British Columbia Teachers' Federation, et al. v. British Columbia Public School Employers' Association, et al. (Labour relations – collective agreements – pregnancy benefits – parental benefits)
On appeal from the judgment of the Court of Appeal for British Columbia, 2013 BCCA 405, pronounced September 20, 2013.
The collective agreement provides birth mothers, birth fathers and adoptive parents with 95% of their salary for the two-week unpaid waiting period for EI benefits, and 70% of the difference between EI benefits and their salary for an additional 15 weeks. Birth mothers could elect to take their supplemental employment benefits with their maternity leave or their parental leave. The applicants filed a grievance alleging that the respondents had failed to provide supplemental employment benefits to birth mothers in relation to both maternity leave and parental leave. They alleged that this failure was discriminatory conduct contrary to the Human Rights Code, R.S.B.C. 1996, c. 210, and s. 15 of the Charter of Rights.
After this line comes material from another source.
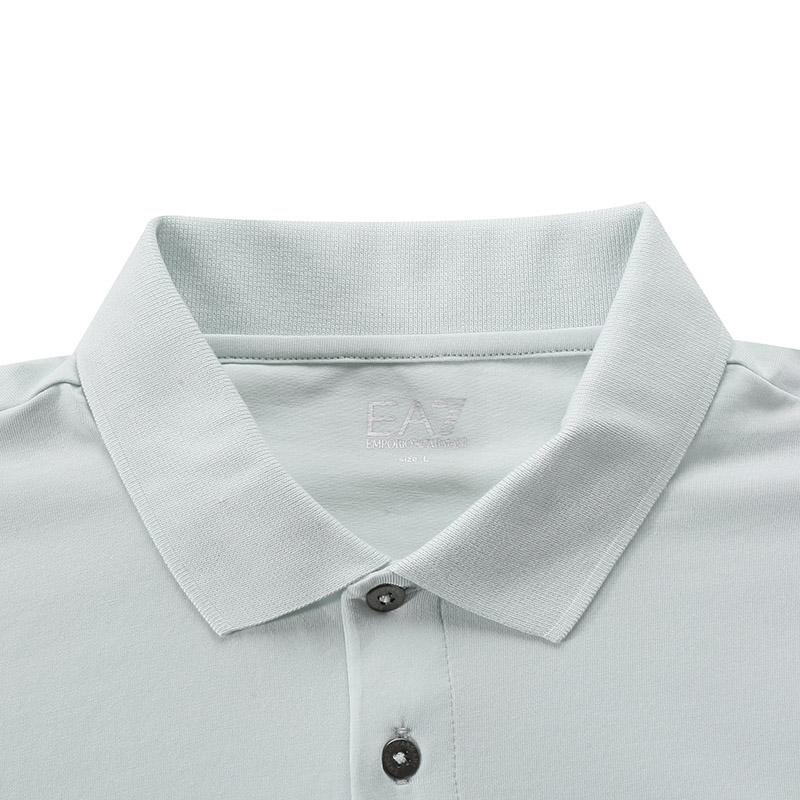 EMPORIO ARMANI EA7 SS24 LogoPolo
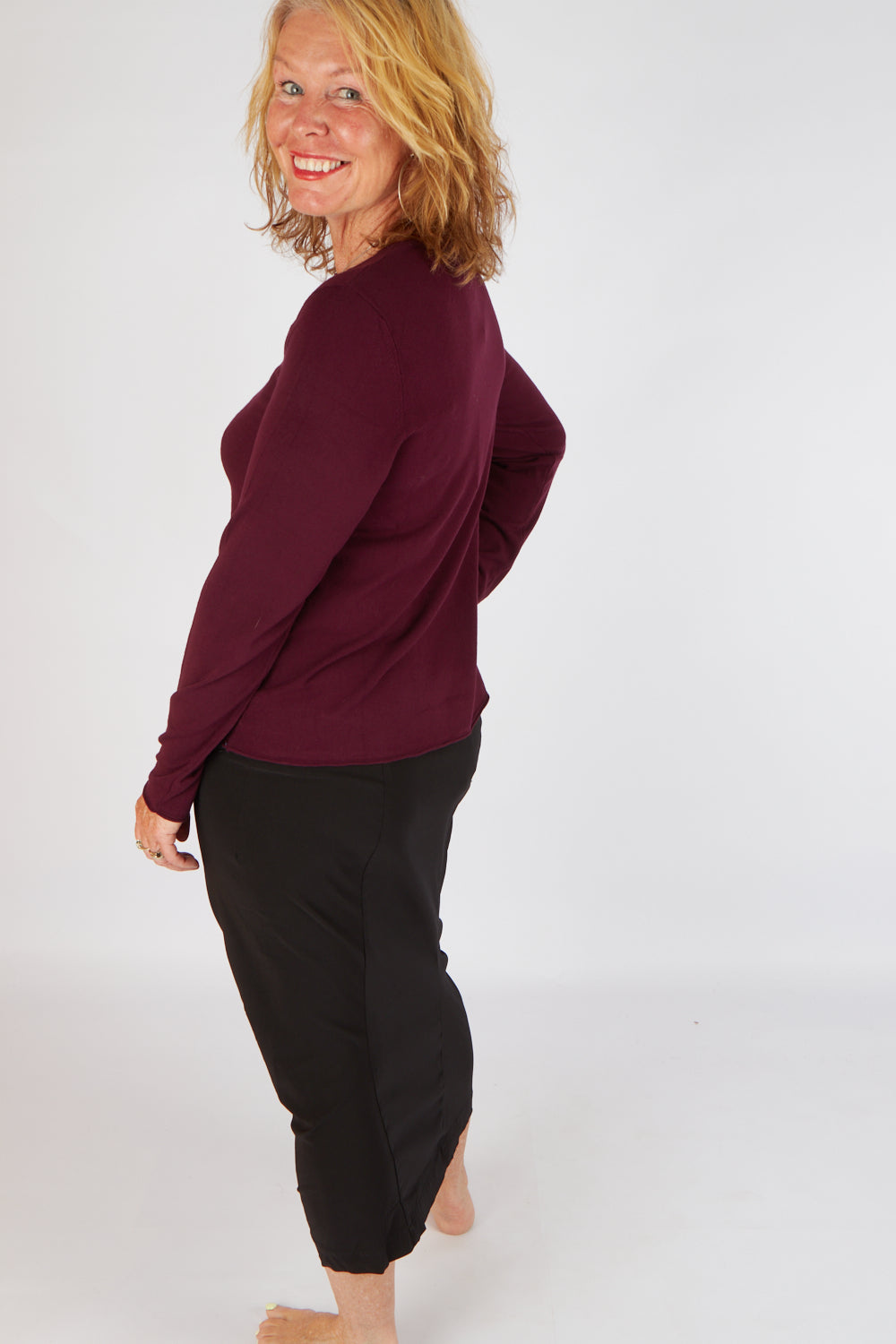 Rundholz Pullover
The Arbitrator allowed the grievance. The Court of Appeal allowed the appeal, set aside the Arbitrator’s decision and dismissed the grievance.
HELD (7:0): that the appeal be allowed.
In brief oral reasons, the Court stated: “The Court of Appeal erred in failing to give deference to the Arbitrator’s interpretation of the collective agreement and in failing to recognize the different purposes of pregnancy benefits and parental benefits. The Arbitrator was entitled to reach the conclusions that he did and we see no reason to interfere with the remedy. The appeal is allowed with costs and the Arbitrator’s award is restored.”
Reasons for judgment by Karakatsanis J. Neutral citation: 2014 SCC 70. No. 35623.
November 20, 2014
R. v. Wills
The appeal from the judgment of the Court of Appeal for Ontario, 2014 ONCA 178, pronounced March 7, 2014.
HELD (3:2): ROTHSTEIN J. — The majority of the Court is of the view that the appeal should be dismissed for the reasons of Doherty J.A. in the Court of Appeal. Justices Cromwell and Karakatsanis, dissenting, would have allowed the appeal for the reasons of Pepall J.A.
Neutral citation: 2014 SCC 73. No. 35804.